“My fingers,” said Elizabeth, “do not move over this instrument in the masterly manner which I see so many women’s do. They have not the same force or rapidity, and do not produce the same expression. But then I have always supposed it to be my own fault — because I would not take the trouble of practising.
-Pride and Prejudice, Jane Austen
In my email every week and at every conference or meet up, a fresh faced young scientist will introduce themselves, and say, basically, “I want to be you. How do I get out of science and into science writing?” They ask for my career path.
Then I tell them that I started a blog during graduate school. I tell them that I posted on said blog three times per week (though sometimes two) all the way through my dissertation and postdoc. For five years.
And that’s when about 90% of their faces fall. “Three times a week?” they say. “That’s a lot of work. That’s so much TIME. I don’t have that kind of time.”
I assure them it doesn’t have to be THAT often. That you get faster as you improve. I tell them I want to help. I give them my business card and cheerily tell them to keep in touch and I’d love to chat more about their career goals.
They walk away. I will never see or hear from 99% of them again.

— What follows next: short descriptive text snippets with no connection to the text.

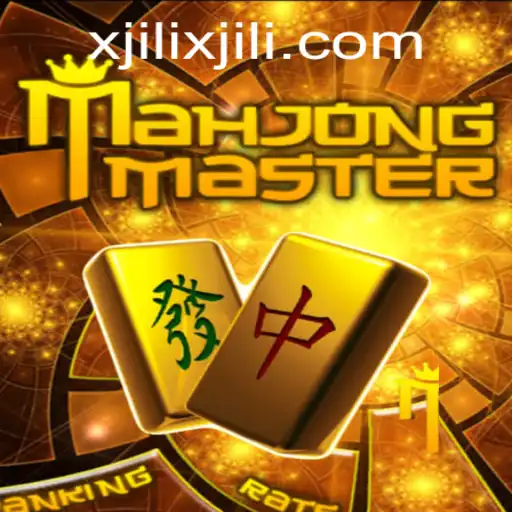 MahJongMaster: Exploring the World of Strategy and Skill with XJILI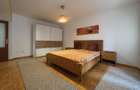 Apartament Nerva Traian, Unirii bloc 2002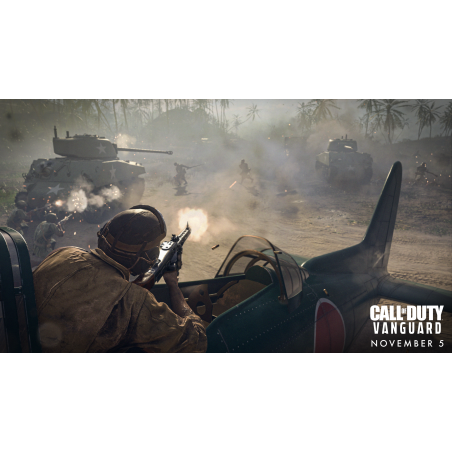 activision-call-of-duty-vanguard-standard-multilingue-xbox-one-9.jpg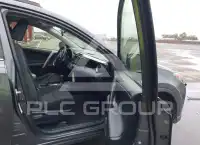 2018 Toyota RAV4 фото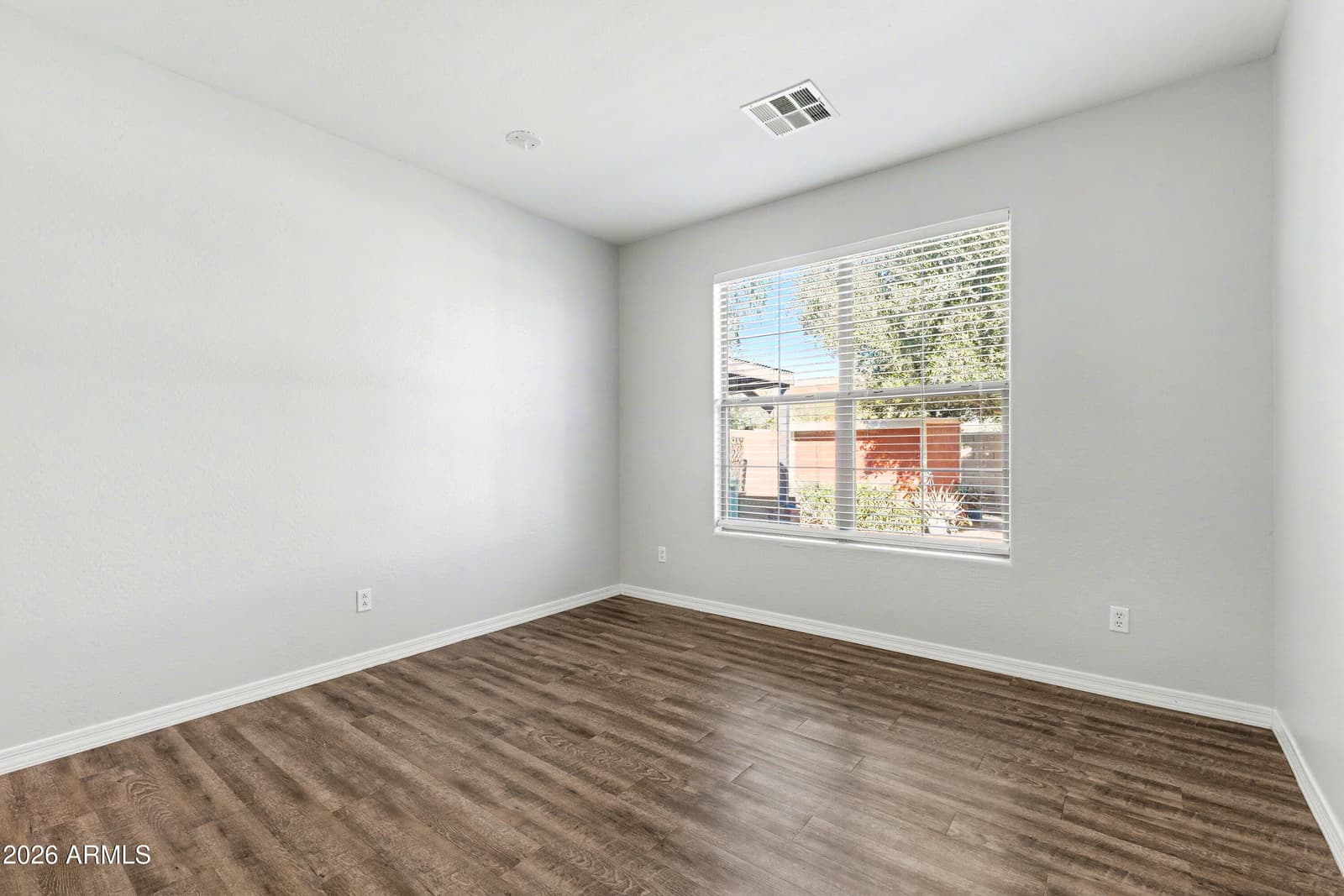 44470 W PALO NUEZ Street, Maricopa, AZ 85138 — photo 33 of 48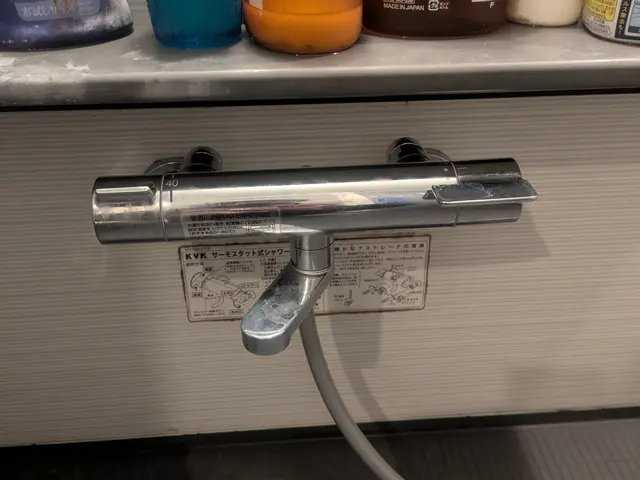 4月新店オープン記念価格/追加費用なし・明朗会計/店舗、一般家庭OKサービスの画像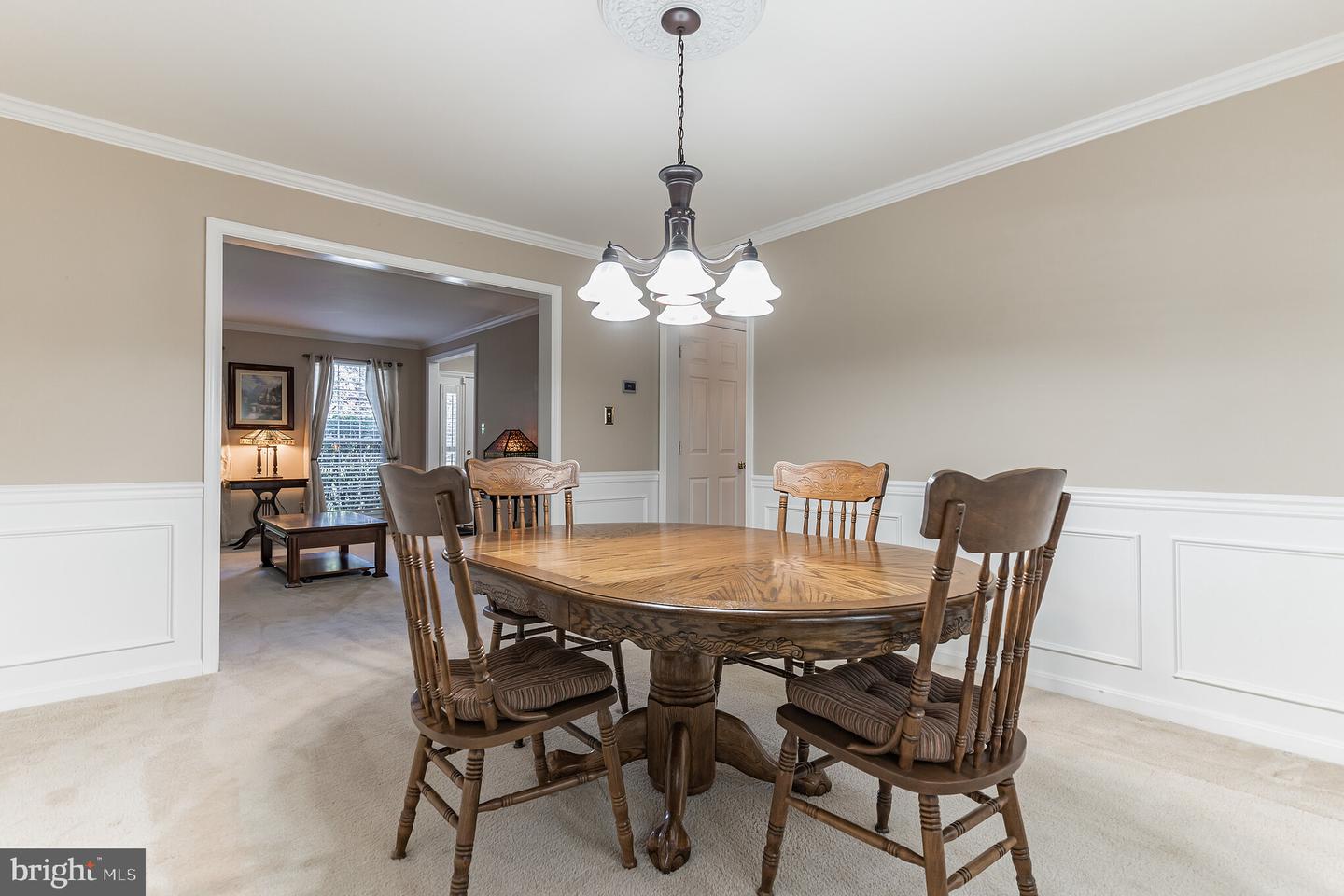 47405 Gallion Forest COURT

I didn’t have the time either. I MADE the time. I spent a lot of nights short on sleep. I spent a lot of nights NOT out with my friends. I spent a lot of nights and weekends writing. I spent very little time relaxing. I acknowledge that with kids or other dependent family members or with any problems in my own health, this might well have been impossible. I know I had the privilege of making that kind of time.
I worked some rough hours in the lab, and then I came home and wrote blog posts. I went to full huge days of conferences, out to the parties, and then came back to the hotel room and wrote blog posts. When I shared hotel rooms with several other students, I would write blog posts at 3am in the bathroom or down in the bar. Was it hard? Yes. Was it necessarily the best thing I could have done? Well, I probably could have gone for a less rigorous posting schedule, certainly.
But I wanted to be a writer. I wanted to build my portfolio and I wanted to prove to any editors and employers out there that I could produce good work, consistently and on a solid schedule. I wanted to prove both my ability and my reliability. That meant meeting a schedule. For some that’s once a week, for some it’s once a month. For some it is more or less than that.
But it does mean producing work. Consistently. I am not the only one who has done this. Many of the writers I know now who have gone professional maintained blogs outside of their normal working hours. They went short on sleep. They wrote on planes and in trains and in tents and in the deep dark of night. And they got it done.
But there is no golden ticket here. There is no magic piece of advice. My advice is always the same as my experience. Practice. Write. Write as often as you can. Not always a deep scientific thinkpiece or a grand review. Short pieces are fine. Pieces that say “hey, look at this and here is why I like it ” are fine! But write. Practice.
Scientists are used to practice. If they are in graduate school they are used to working long hours, to spending months at something with little hope of reward. After all, they write grants! They are used to constant study and constant work. And yet, the idea of taking that practice, that ability, and applying it to another field seems to fill them with fear.
I understand that fear. And I understand wanting to walk away. You’ve been working so hard toward a career path, and you’re not even sure it’s the one you want anymore? Yes, I understand that. I also understand looking at picking up a new skillset, and those skills seem very heavy. It’s more time. More time on top of a job that takes almost all your willpower. It’s easier just to keep doing what you’re doing. Doing what you know how to do. One postdoc after another, one paper after another.
I get it. I do. For a while, I did it.
You still won’t break out unless you practice. Maybe you’ll practice in a science journalism program after your PhD. Maybe you’ll practice by writing for the Chronicle of Higher Education, or in a policy fellowship, or in something else all together. Maybe you’ll get fired up and you’ll start that science blog after all. But you will need to practice.
I don’t mean to discourage you, future writers, policy makers, movers and shakers of the science world. I mean to fire you up. I want to help you and I WANT you to succeed. I want you to be me, too! You probably will be even better at being me than I am.
Get out there. Practice. Give yourself the experience that will get you the job you want. Maybe it’s writing, maybe it’s consulting, maybe it’s your own business. Maybe it’s figure skating, I don’t care.
Don’t tell me you’ll do it tomorrow. Don’t tell me you’ll do it after your comps or after your dissertation or after you rest a bit or after you submit your paper or after…Do it. Get that experience. It does mean time, and it does mean effort. But it takes time and effort to find opportunities and take advantage of them. It takes time and effort to network. It takes time and effort to get what you want, and go where you want to go.
Don’t let your face fall. Don’t walk away and go toward the same old path just because it seems easier and the new way seems so hard. Look at what you want. Plan a path to get there. And practice.